Reuse and republication of MOSAiC data - guideline

This document provides a guideline to the MOSAiC project researchers on the best practice for creating derived data products based on previously published MOSAiC data. For authorship of such data products the principles of Good Scientific Practice apply, as well as arrangements from the section Authorship and Acknowledgment of the MOSAiC data policy.

Licenses

The open access data publiation is recommended under the Creative Commons Attribution 4.0 International (CC BY 4.0) or the CC0 1.0 Universal (CC0 1.0) Public Domain Dedication
- CC BY 4.0: this license requires the attribution to be given to the creator
- CC CC0 1.0: CC0 is not a license but a public domain dedication tool, so it does not require attribution in its terms. Nevertheless, giving credit or citing the source is required under principles of Good Scientific Practice.
It is necessary to consider the licensing of the source datasets, i.e. whether the licenses under which the source data were published allow reuse under upper mentioned licenses. Usually it is possible to publish the derived data products under the same or a less restrictive license than the source data.

Indicating source data

Follow the journal article model for listing citations under the references. For example, you can provide specific citations on your derived data product description for each source data set or data stream under the References. This will allow users to cite both the derived product as well as the source data set.
During a submission of a derived data product, indicate the source data sets to the data center editors as such. They will make sure the source data are correctly assigned at the metadata level.
In data repositories (PANGAEA, ARM, Arctic Data Center) it is possible to add source DOIs in the source metadata as the related identifiers. Use the relations IsDerivedFrom, IsSourceOf, or isPartOf.
When you relate all of the datasets in this manner, the metadata gets passed along to DataCite and Scholix, which persistently links those data products through DOI metadata and can help show reuse. Also OSTI is supporting this concept.
All this will make the data citation metrics possible.

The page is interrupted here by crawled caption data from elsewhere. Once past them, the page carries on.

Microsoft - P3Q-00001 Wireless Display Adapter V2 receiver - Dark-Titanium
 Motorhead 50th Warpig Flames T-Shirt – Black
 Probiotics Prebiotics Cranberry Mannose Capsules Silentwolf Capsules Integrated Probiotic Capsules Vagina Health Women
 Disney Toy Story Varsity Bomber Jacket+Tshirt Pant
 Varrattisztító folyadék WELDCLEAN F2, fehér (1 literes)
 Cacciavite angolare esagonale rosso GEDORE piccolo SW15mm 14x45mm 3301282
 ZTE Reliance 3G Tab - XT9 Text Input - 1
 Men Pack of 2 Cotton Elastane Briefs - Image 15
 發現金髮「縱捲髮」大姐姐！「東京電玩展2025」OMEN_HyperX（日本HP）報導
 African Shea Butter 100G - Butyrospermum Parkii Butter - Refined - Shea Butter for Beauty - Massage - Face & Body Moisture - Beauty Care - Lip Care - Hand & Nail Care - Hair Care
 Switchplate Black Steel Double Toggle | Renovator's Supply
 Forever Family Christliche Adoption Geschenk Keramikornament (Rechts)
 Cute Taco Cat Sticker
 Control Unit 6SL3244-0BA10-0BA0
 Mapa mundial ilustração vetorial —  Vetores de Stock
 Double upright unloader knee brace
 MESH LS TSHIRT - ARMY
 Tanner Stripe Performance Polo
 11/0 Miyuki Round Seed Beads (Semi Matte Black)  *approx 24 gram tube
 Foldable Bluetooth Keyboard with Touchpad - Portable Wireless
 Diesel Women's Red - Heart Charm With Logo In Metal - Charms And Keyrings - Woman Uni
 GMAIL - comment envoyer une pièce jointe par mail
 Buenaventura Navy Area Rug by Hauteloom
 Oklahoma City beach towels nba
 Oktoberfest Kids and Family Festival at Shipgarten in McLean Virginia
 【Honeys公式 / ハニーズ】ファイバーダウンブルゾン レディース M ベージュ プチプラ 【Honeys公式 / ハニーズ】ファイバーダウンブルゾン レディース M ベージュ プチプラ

Documentation of provenance

The Arctic data center provides a scheme for provenance documentation.
- Use the web tool on a dataset landing page to document provenance within and dataset (ie: this script uses file-a as input and produces file-b)
- To track relationships between datasets:
  - include a citation to the dataset(s), with DOI, in your narrative metadata (abstract and/or methods)
  - highlight the citation in correspondence with the Arctic Data Center, so the relationship can be established in a way that is computationally readable. If possible, the relationships should be established at the file level. However, in the case of a derived dataset with hundreds or thousands of source files it will be more practical to establish the provenance at the dataset level as opposed to file level.
Archiving code along with data
- Is welcome and encouraged in Arctic Data Center. We also accept citations to Zenodo or other repository DOIs.
- In PANGAEA, we accept and encourage references to externally published code (e.g., GitHub releases with Zenodo DOIs).

Citing data

Independent if you refer to raw data, primary data or derived data products, use full data references to acknowledge all data sources.
Make use of citation tools at landing pages of data sets or data streams in data repositories. These allow to copy and export citations in various formats.